To test the seismic performance of the multi-anchor round pile structure, a series of shaking table tests were designed by means of amplitude separation. This test design only considered setting energy dissipation spring self-coordinating device between anchor head and round pile. The EPS damping layer of pile body was not involved aiming to reduce the influence of multiple variables on test results. The amplitude division design ensures that the waveform, loading time, and condition of the seismic simulation shaking table can be accurately reproduced, and the reliability of the test results can be ensured.

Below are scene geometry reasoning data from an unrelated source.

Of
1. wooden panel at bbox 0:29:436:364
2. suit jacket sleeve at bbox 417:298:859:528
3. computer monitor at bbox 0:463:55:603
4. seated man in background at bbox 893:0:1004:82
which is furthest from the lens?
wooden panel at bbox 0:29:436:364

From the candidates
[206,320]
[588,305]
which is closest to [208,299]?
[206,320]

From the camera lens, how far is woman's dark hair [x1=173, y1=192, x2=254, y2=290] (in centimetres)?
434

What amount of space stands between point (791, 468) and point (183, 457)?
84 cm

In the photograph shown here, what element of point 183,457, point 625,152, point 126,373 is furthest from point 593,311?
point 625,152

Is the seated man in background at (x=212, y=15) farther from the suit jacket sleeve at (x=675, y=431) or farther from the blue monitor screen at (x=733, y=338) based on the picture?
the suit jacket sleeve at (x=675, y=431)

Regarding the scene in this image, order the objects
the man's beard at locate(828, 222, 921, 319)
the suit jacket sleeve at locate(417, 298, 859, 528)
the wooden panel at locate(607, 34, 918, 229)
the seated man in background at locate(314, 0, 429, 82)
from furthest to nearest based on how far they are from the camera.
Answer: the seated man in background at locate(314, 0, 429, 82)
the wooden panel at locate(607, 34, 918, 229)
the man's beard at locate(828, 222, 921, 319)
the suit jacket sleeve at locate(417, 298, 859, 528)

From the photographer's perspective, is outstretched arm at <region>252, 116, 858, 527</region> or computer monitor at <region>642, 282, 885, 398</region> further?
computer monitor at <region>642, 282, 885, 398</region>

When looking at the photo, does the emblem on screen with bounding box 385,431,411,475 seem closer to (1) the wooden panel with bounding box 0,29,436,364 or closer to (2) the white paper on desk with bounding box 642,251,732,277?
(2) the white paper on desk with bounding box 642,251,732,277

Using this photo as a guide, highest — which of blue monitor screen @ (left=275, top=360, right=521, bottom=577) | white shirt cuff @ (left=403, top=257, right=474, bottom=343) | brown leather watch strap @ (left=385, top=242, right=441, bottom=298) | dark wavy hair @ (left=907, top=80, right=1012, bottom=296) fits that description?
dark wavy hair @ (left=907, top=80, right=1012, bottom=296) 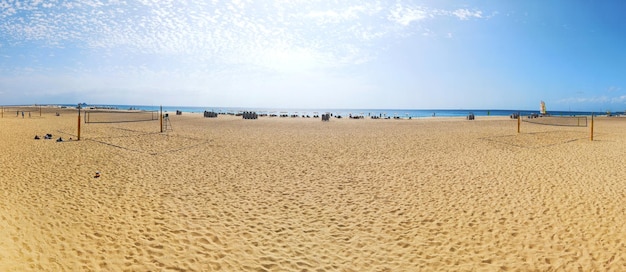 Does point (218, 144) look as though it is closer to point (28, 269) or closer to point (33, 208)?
point (33, 208)

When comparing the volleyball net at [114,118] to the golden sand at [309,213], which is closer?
the golden sand at [309,213]

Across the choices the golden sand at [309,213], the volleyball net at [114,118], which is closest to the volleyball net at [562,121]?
the golden sand at [309,213]

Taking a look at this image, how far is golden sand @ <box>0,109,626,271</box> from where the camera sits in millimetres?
5746

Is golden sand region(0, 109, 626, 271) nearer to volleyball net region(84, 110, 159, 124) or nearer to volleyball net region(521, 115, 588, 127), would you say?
volleyball net region(84, 110, 159, 124)

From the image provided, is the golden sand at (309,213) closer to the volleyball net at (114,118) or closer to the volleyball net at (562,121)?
the volleyball net at (114,118)

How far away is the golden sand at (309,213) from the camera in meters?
5.75

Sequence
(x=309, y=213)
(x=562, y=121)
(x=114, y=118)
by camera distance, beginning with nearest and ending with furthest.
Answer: (x=309, y=213) → (x=114, y=118) → (x=562, y=121)

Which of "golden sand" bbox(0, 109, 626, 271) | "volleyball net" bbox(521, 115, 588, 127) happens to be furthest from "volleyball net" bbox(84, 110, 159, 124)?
"volleyball net" bbox(521, 115, 588, 127)

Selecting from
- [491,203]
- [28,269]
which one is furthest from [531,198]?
[28,269]

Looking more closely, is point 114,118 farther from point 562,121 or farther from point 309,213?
point 562,121

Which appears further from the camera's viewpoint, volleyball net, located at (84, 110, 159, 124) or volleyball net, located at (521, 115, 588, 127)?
volleyball net, located at (84, 110, 159, 124)

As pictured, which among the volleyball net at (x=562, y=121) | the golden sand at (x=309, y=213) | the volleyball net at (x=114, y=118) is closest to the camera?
the golden sand at (x=309, y=213)

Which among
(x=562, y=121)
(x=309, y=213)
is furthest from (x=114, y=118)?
(x=562, y=121)

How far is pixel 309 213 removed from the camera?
8.07 m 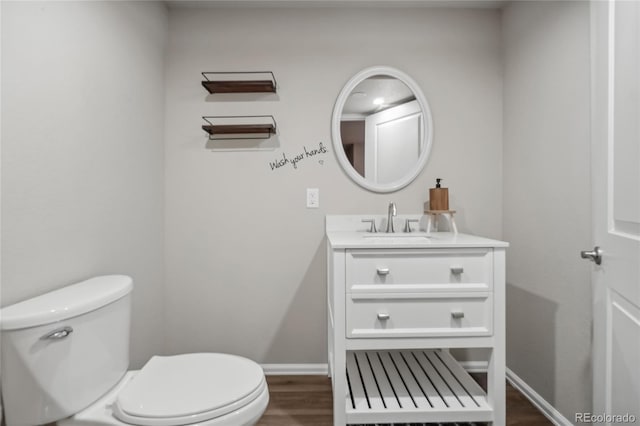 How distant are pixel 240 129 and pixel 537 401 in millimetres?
2137

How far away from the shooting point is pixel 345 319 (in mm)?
1480

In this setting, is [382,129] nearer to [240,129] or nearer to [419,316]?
[240,129]

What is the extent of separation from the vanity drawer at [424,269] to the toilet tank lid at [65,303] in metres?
0.90

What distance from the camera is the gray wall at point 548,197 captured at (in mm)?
1510

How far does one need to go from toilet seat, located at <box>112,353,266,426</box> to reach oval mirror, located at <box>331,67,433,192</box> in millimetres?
1268

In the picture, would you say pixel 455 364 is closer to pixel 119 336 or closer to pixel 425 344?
pixel 425 344

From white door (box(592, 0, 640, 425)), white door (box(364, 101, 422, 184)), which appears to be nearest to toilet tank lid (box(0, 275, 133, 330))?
white door (box(364, 101, 422, 184))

Similar design of model and selection of similar materials

In the shaking table test of engineering structures, the model similarity cannot be easily satisfied to a full extent, while the main influencing factors can generally be satisfied. Moreover, the similarity relation of the complete mass model with additional counterweight may not be easily satisfied due to the limitation of the shaking table bearing capacity. Considering the similarity of material constitutive properties, the incomplete mass model with a similarity ratio of mass density 1:1 was typically adopted in the shaking table test. Therefore, this experiment adopted the loose similarity between the model system and the prototype system to allow for gravity distortion.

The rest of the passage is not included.